- [YOUR TASK]: Write each entry out again verbatim, pictures excluded.

- [SOURCE RECORDS]:
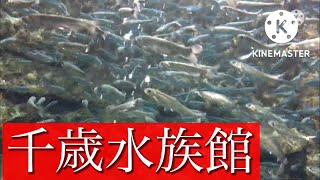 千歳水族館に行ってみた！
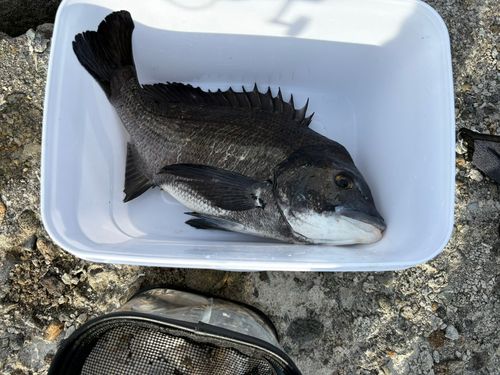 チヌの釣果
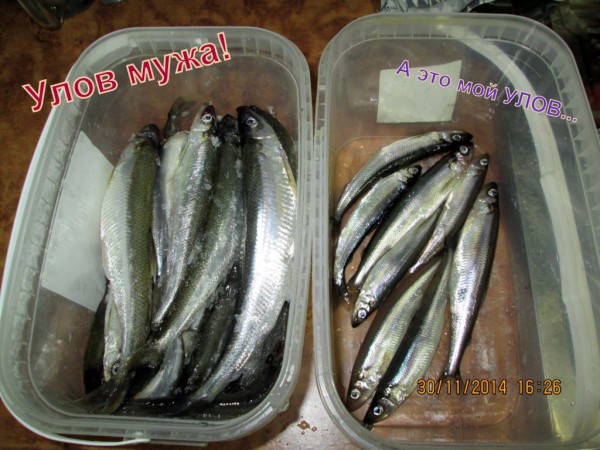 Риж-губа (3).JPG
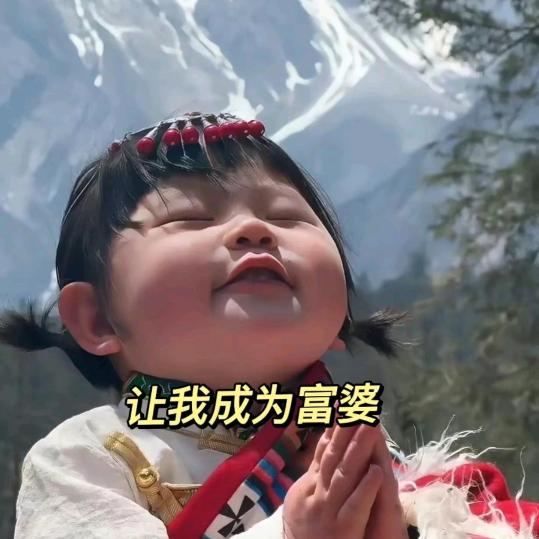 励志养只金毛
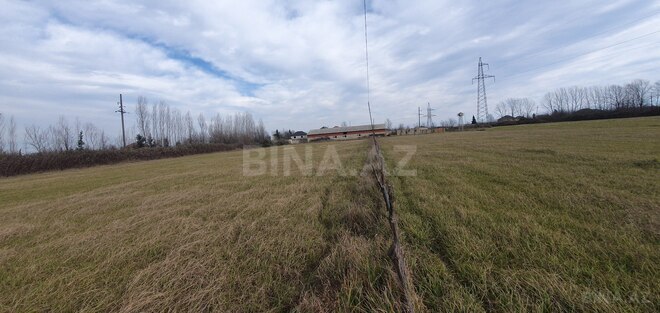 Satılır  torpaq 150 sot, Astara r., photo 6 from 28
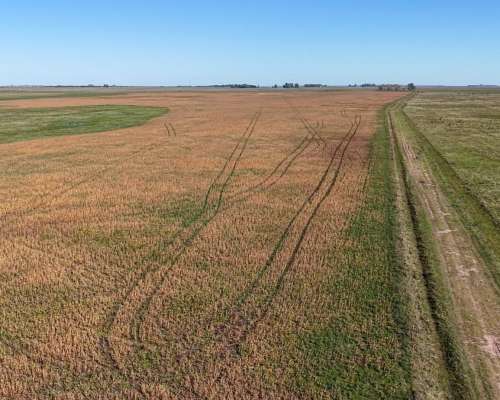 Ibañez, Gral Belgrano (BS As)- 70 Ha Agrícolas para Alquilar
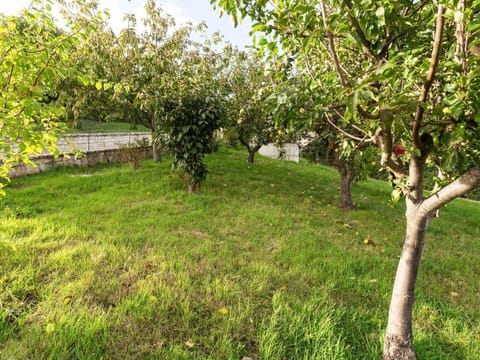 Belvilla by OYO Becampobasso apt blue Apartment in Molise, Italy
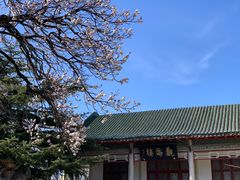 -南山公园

- [TASK ANSWER]:
 千歳水族館に行ってみた！
 チヌの釣果
 Риж-губа (3).JPG
 励志养只金毛
 Satılır  torpaq 150 sot, Astara r., photo 6 from 28
 Ibañez, Gral Belgrano (BS As)- 70 Ha Agrícolas para Alquilar
 Belvilla by OYO Becampobasso apt blue Apartment in Molise, Italy
 -南山公园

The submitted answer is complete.